La parte finale del brano, quello che esorta a non limitarci ad invitare a pranzo chi ci è amico o coloro dai quali speriamo di ricavare qualcosa, ci insegna anche che ogni nostra azione deve avere come referente Dio, non gli uomini, e deve essere orientata ad ottenere una ricompensa da Dio, e non dagli uomini. La ricerca del tornaconto immediato non deve inquinare i nostri sforzi, il nostro lavoro, la nostra preghiera, i nostri gesti di carità. La ricerca del tornaconto immediato dice che teniamo di più alla ricompensa degli uomini che a quella di Dio. Dice che per noi è più importante essere grandi agli occhi degli uomini che agli occhi di Dio. Dice che per noi è più importante il giudizio degli uomini che quello di Dio. In sostanza dice che non abbiamo fede in Dio, che non ci importa nulla della ricompensa eterna.

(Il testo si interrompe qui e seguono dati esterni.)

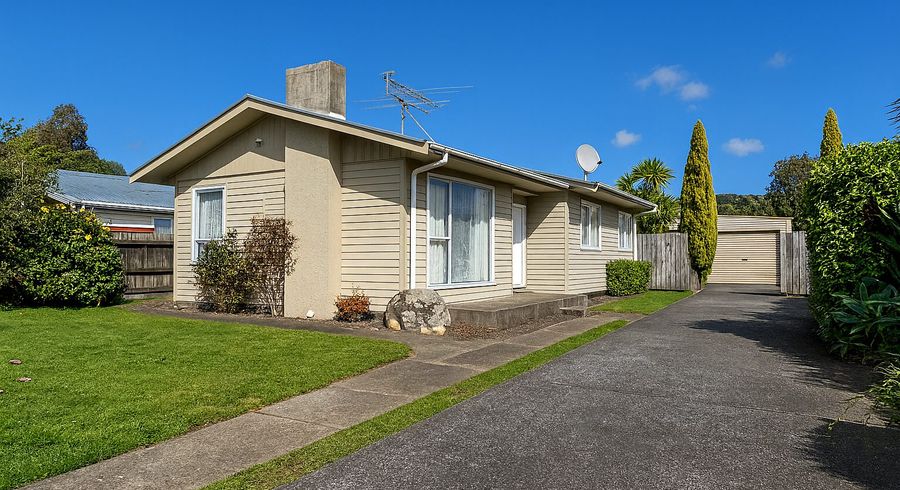  at 17 Mountbatten Grove, Clouston Park, Upper Hutt, Wellington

Invece avere sempre come referente Dio significa fondare la nostra vita, il nostro lavoro, i nostri sforzi su ciò che veramente vale, su ciò che non verrà mai meno e che non deluderà. Per questo il brano dice «beati»: saremo beati proprio perché avremo acquisito meriti agli occhi di Dio, che non mancherà di darci la sua ricompensa. Di Dio infatti possiamo fidarci molto più che degli uomini. Sappiamo che Dio, anche quando nella nostra vita le cose non sembrano andare come vorremmo, non ci deluderà.